Il n’est pas inutile, à l’heure actuelle, de lire, sous la plume avisée de Christophe Donner, le déroulement de cette histoire pas si éloignée de nous, tandis que des candidats d’extrême droite (ou populistes, appelons-les comme on veut) se présentent à nos suffrages en se démenant pour orienter les débats vers leurs thèmes de prédilection (le soi-disant « grand remplacement » par exemple). Ce genre de rhétorique éculée n’en fonctionne pas moins, malheureusement, toujours trop efficacement. À l’époque que décrit Christophe Donner, ces ténors aux discours haineux se nommaient Edouard Drumont, Léon Daudet ou encore Charles Maurras.
En fait, dans La France goy, il est assez peu question de ce dernier, beaucoup plus des deux autres. Au premier, Edouard Drumont (1844-1917), à qui il faut reconnaître qu’il ne manquait pas de talent quand il s’agissait de manier la plume, l’on doit, entre autres, La France juive, ouvrage de détestation qui devint, assez rapidement après sa parution, un énorme succès de librairie, malgré l’avis très négatif de Zola pour qui il s’agissait d’un « tissu d’imbécillités, d’enflures et lieux communs ». Ce livre pernicieux n’en poursuivit pas moins son emprise et n’en répandit pas moins ses effluves nauséabonds.
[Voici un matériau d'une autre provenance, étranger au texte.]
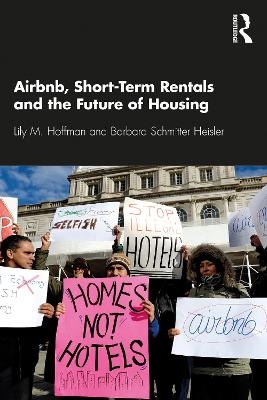 Airbnb, Short-Term Rentals and the Future of Housing - Lily M. Hoffman, Barbara Schmitter Heisler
Cet Edouard Drumont de sinistre mémoire (dont, signalons-le au passage, Georges Bernanos fit l’éloge dans La Grande Peur des Bien-Pensants, essai publié en 1931) continua, jusqu’au terme de sa vie, à diffuser le bouquet hideux de son antisémitisme, entre autres dans La libre Parole, le journal qu’il lança dès 1892.
Le deuxième sinistre individu qu’il faut nommer ici, c’est Léon Daudet (1867-1942), fils aîné d’Alphonse, qui, marqué par le livre de Drumont et, dès lors, lié à lui, préféra, en fin de compte, rejoindre l’Action Française dont il fut l’un des fers de lance les plus actifs. Comme écrit Christophe Donner, « Hors des dogmes, le roman de l’antisémitisme n’est rien d’autre qu’une saga familiale, Drumont en pater familias, Daudet en fils héritier, chargé de la réalisation du projet imaginé par son fondateur. » Cette charge, tandis que Drumont déclinait, il s’en acquitta au sein de l’Action Française, avec ses Camelots du roi (dont fit partie Bernanos !) , accumulant éhontément les méfaits et les roublardises jusqu’à la nausée.
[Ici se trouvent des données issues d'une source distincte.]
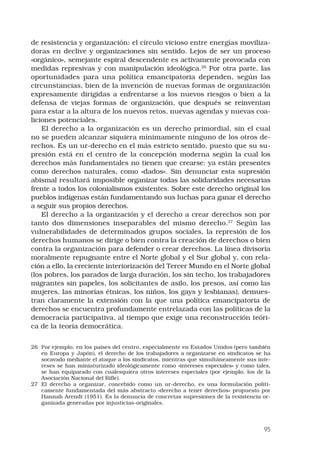95
de resistencia y organización: el círculo vicioso entre energías moviliza-
doras en declive y organizaciones sin sentido. Lejos de ser un proceso
«orgánico», semejante espiral descendente es activamente provocada con
medidas represivas y con manipulación ideológica.26
Por otra parte, las
oportunidades para una política emancipatoria dependen, según las
circunstancias, bien de la invención de nuevas formas de organización
expresamente dirigidas a enfrentarse a los nuevos riesgos o bien a la
defensa de viejas formas de organización, que después se reinventan
para estar a la altura de los nuevos retos, nuevas agendas y nuevas coa-
liciones potenciales.
El derecho a la organización es un derecho primordial, sin el cual
no se pueden alcanzar siquiera mínimamente ninguno de los otros de-
rechos. Es un ur-derecho en el más estricto sentido, puesto que su su-
presión está en el centro de la concepción moderna según la cual los
derechos más fundamentales no tienen que crearse: ya están presentes
como derechos naturales, como «dados». Sin denunciar esta supresión
abismal resultará imposible organizar todas las solidaridades necesarias
frente a todos los colonialismos existentes. Sobre este derecho original los
pueblos indígenas están fundamentando sus luchas para ganar el derecho
a seguir sus propios derechos.
El derecho a la organización y el derecho a crear derechos son por
tanto dos dimensiones inseparables del mismo derecho.27
Según las
vulnerabilidades de determinados grupos sociales, la represión de los
derechos humanos se dirige o bien contra la creación de derechos o bien
contra la organización para defender o crear derechos. La línea divisoria
moralmente repugnante entre el Norte global y el Sur global y, con rela-
ción a ello, la creciente interiorización del Tercer Mundo en el Norte global
(los pobres, los parados de larga duración, los sin techo, los trabajadores
migrantes sin papeles, los solicitantes de asilo, los presos, así como las
mujeres, las minorías étnicas, los niños, los gays y lesbianas), demues-
tran claramente la extensión con la que una política emancipatoria de
derechos se encuentra profundamente entrelazada con las políticas de la
democracia participativa, al tiempo que exige una reconstrucción teóri-
ca de la teoría democrática.
26	 Por ejemplo, en los países del centro, especialmente en Estados Unidos (pero también
en Europa y Japón), el derecho de los trabajadores a organizarse en sindicatos se ha
socavado mediante el ataque a los sindicatos, mientras que simultáneamente sus inte-
reses se han miniaturizado ideológicamente como «intereses especiales» y como tales,
se han equiparado con cualesquiera otros intereses especiales (por ejemplo, los de la
Asociación Nacional del Rifle).
27	 El derecho a organizar, concebido como un ur-derecho, es una formulación políti-
camente fundamentada del más abstracto «derecho a tener derechos» propuesto por
Hannah Arendt (1951). Es la denuncia de concretas supresiones de la resistencia or-
ganizada generadas por injusticias-originales.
Si certains des faits rapportés, au long des pages, par Christophe Donner sont bien connus (le scandale de Panama ou, bien sûr, l’Affaire Dreyfus), tout en méritant amplement d’être à nouveau retracés, d’autres le sont beaucoup moins, qui pourtant ne manquent pas de piquant. Ainsi de la cabale organisée par Léon Daudet et ses sbires contre la firme Maggi, qui venait de s’implanter en France avec grand succès, avant d’être accusée d’être un repaire d’espions « juifs-allemands » infiltrés en France, ce qui, bien évidemment, n’était qu’un ahurissant tissu de calomnies. On remarquera d’ailleurs que, petit à petit, à l’approche de la guerre de 14-18, les mots « juifs » ou « youpins » furent remplacés par les mots « Allemands » ou « Boches ». A propos de cette abominable et folle guerre, Christophe Donner ne manque pas l’occasion de décrire le comportement bien peu reluisant de Daudet, le chantre de la haine patriotique qui, quand la guerre est déclarée, prend piteusement la fuite jusqu’en Touraine, avant de s’en retourner à Paris en prétendant avoir été victime d’un grave accident d’automobile, transformant ainsi, au moyen d’une « pirouette journalistique » « le fuyard froussard en première victime de la barbarie allemande ». Quand je disais que les « fake news » ne datent pas d’aujourd’hui ! Le livre de Christophe Donner en donne l’époustouflante illustration.